A patch to limit PHPCrawl crawling depth
PHPCrawl is a webcrawler/webspider-library written in PHP. It supports filters, limiters, cookie-handling, robots.txt-handling, multiprocessing and much more.
Unluckily, there isn’t a way to limit PHPCrawl crawl depth. Here I propose a patch for its current version (0.82), that adds two methods to the PHPCrawler class: getMaxDepth and setMaxDepth.
The usage is intuitive:
$crawler = new PHPCrawler(); $crawler->setURL($startingURL); $crawler->setMaxDepth($n); $crawler->go();
The crawler will get pages from level 0 (the $startingURL) to level $n – 1.
By default, the crawling depth limit is set to PHPCrawler::UNLIMITED_CRAWLING_DEPTH = 0. This means that the crawler will get any web page, regardless of its depth from the starting URL.
To apply the patch, download it and give:
patch -p1 -d PHPCrawl_082/ < PHPCrawl_082_maxcrawlingdepth_rev_2_1.path
from PHPCrawler source code parent directory.
Download: patch (revision 2)
UPDATE: In the comments section, Hiruka suggested that this patch it is not easily applicable using NetBeans patch facility.
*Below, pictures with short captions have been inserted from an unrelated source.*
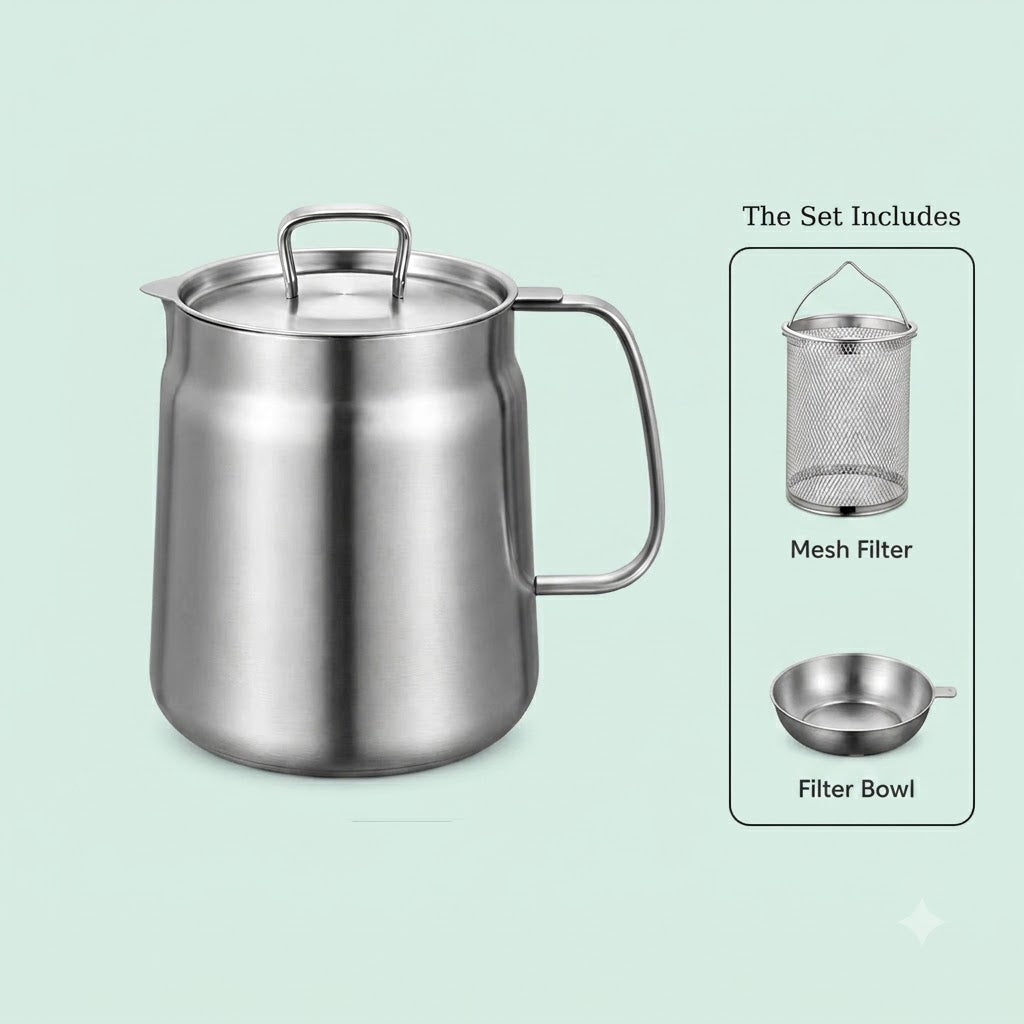 Stainless Steel Deep Fryer Pot with Basket & Strainer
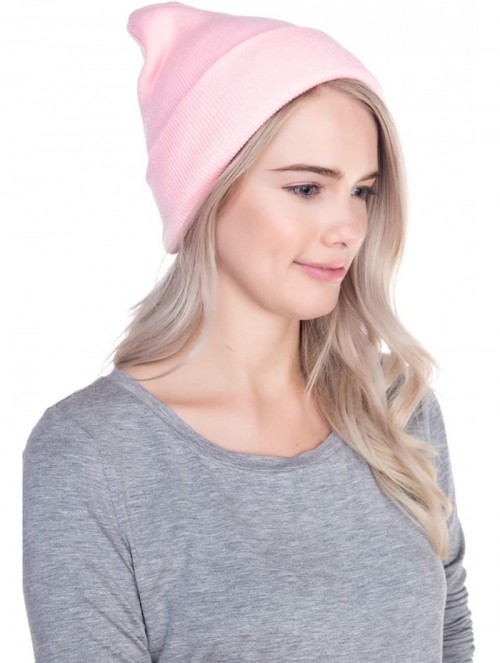 Skullies & Beanies Beanie Men Women - Unisex Cuffed Plain Skull Knit Hat Cap - Pink - CV12N2OG4DS $15.10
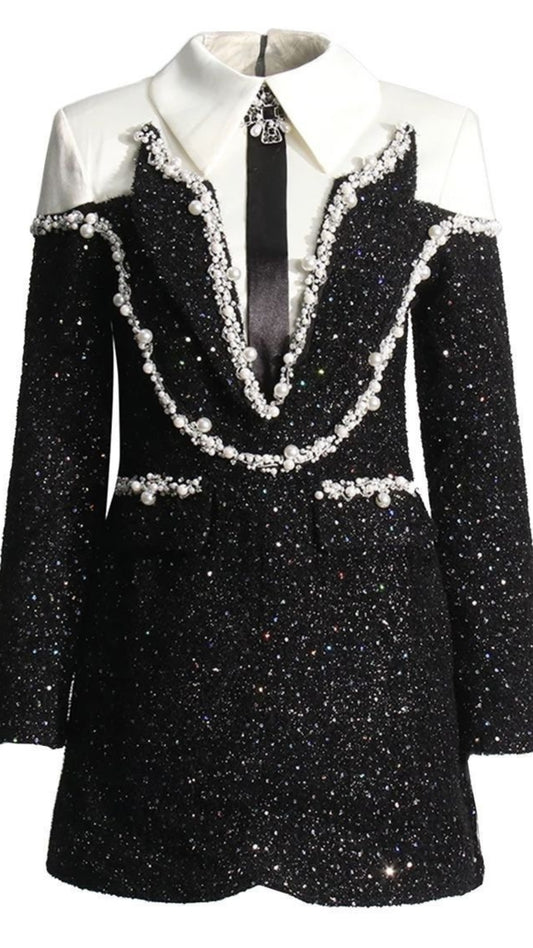 Black and White Dress with Heavy Pearl and Crystal Detailing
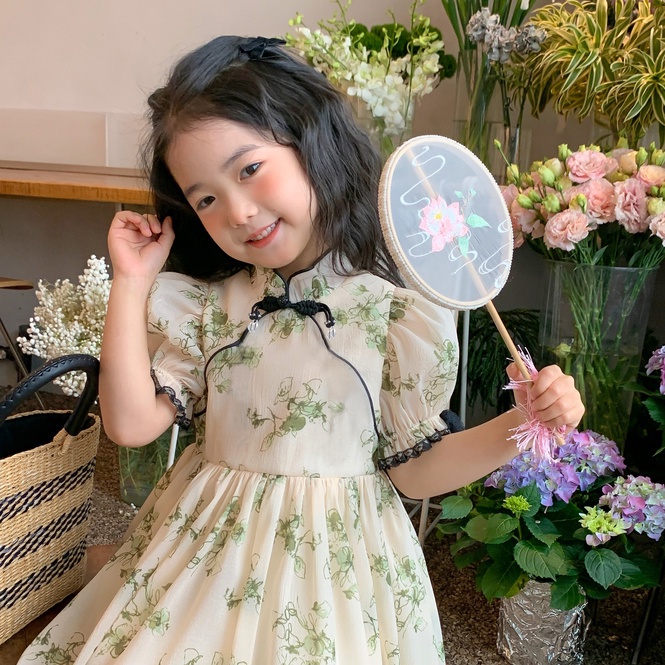 Đầm Sườn Xám Phong Cách Mùa Hè Mới Cho Bé Gái Từ 1-15 Tuổi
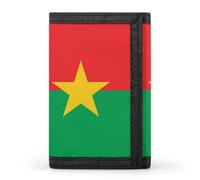 Burkina Faso Flag Wallet for Men Slim Minimalist Tri-fold ID Window 9-13 Cards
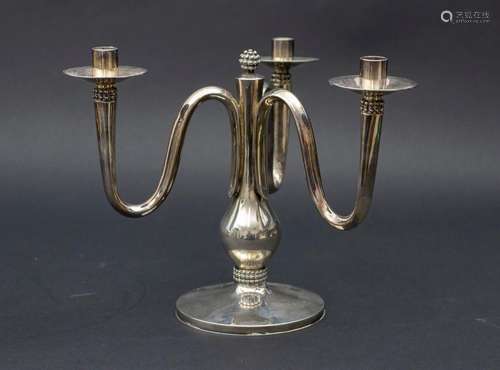 Art Déco Girandole / An Art Deco Sterling silver candle hold...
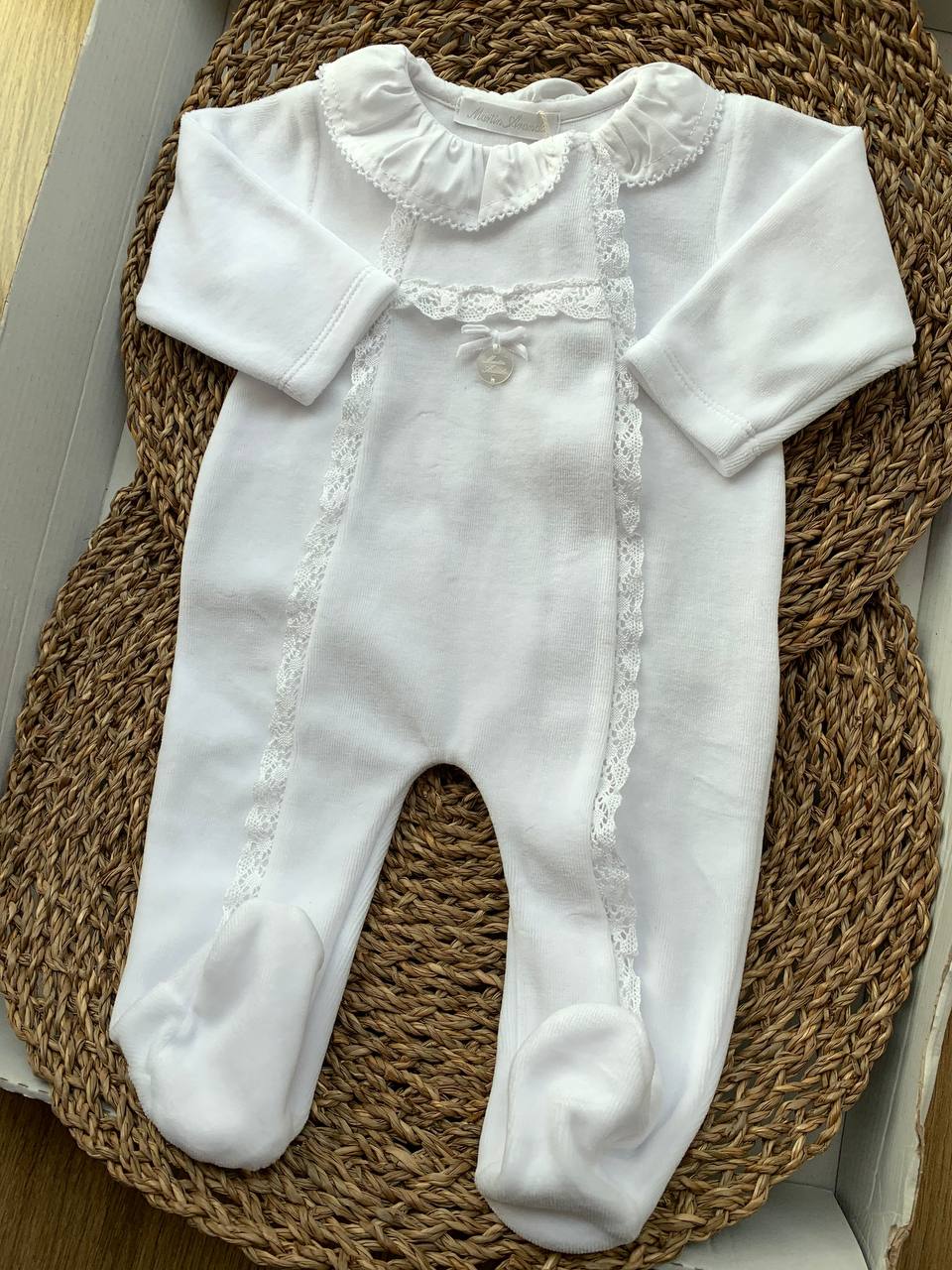 Tutina ciniglia BIANCA RICAMO MARTINARANDA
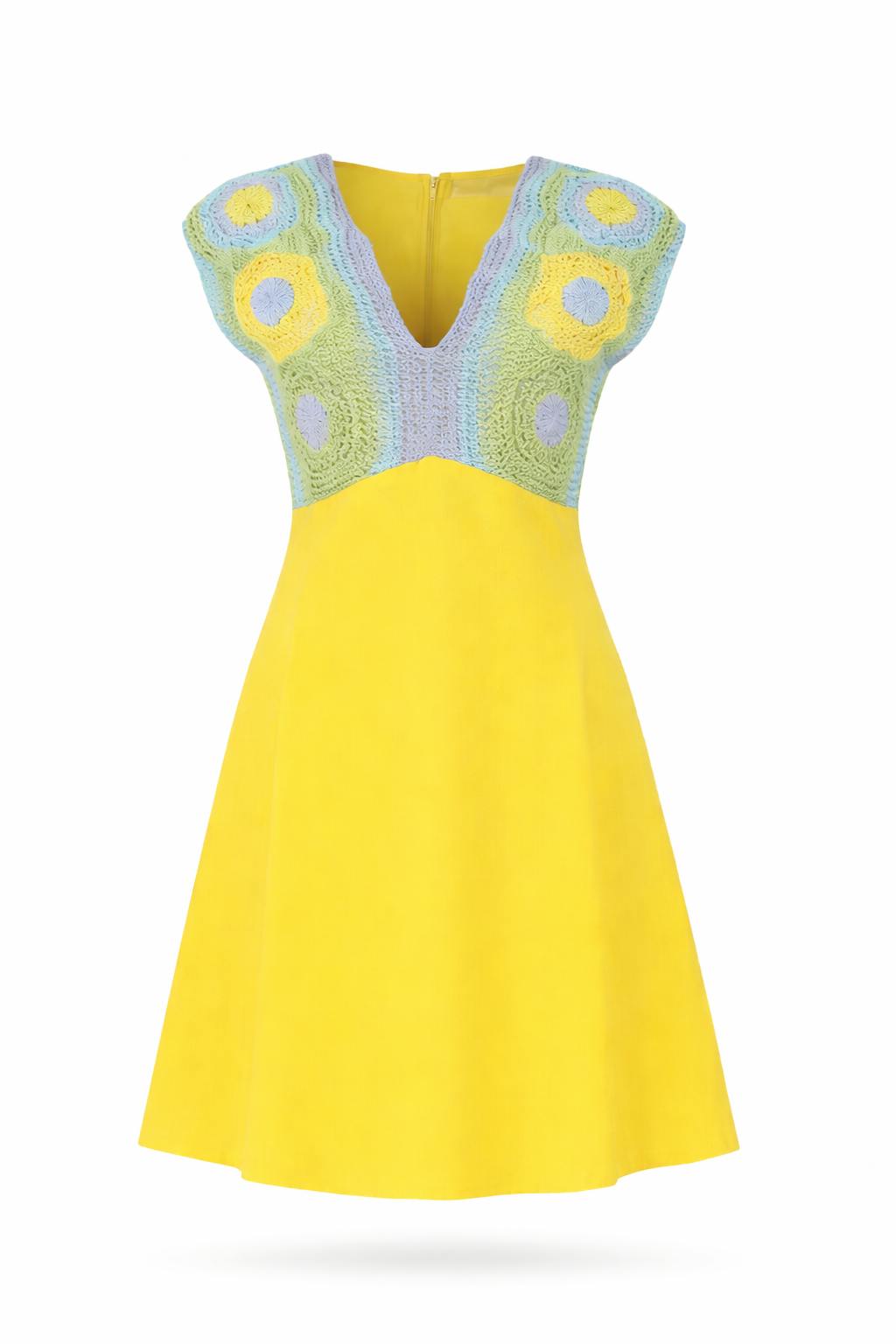 Ally Yellow Crochet Mini Dress
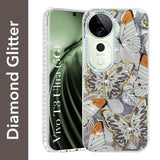For Vivo T3 Ultra Back Cover Case (Luxury Floral Glitter Cute Butterfly | Diamond Studded Camera Bump | Girls & Women Design)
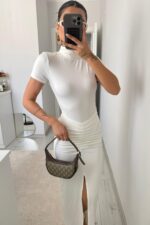 Üstü Bodysuit Drapeli Soft Touch Elbise Beyaz - Görsel 2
I recommend using the patch command from the command line, or some other tool. For instance, Hiruka succeeded to apply the patch using git.
UPDATE 2 (28/07/2014): I have uploaded a patch revision. This should fix the small bug reported by Sylvain LAVIELLE in the comment section (‘undefined offset’).
UPDATE 3 (28/08/2014): some more bug fixes. Also, I introduced an (experimental) feature to set the HTTP Accept-Language Header
// set preferred language $crawler->setAcceptLanguage("it, en;q=0.8");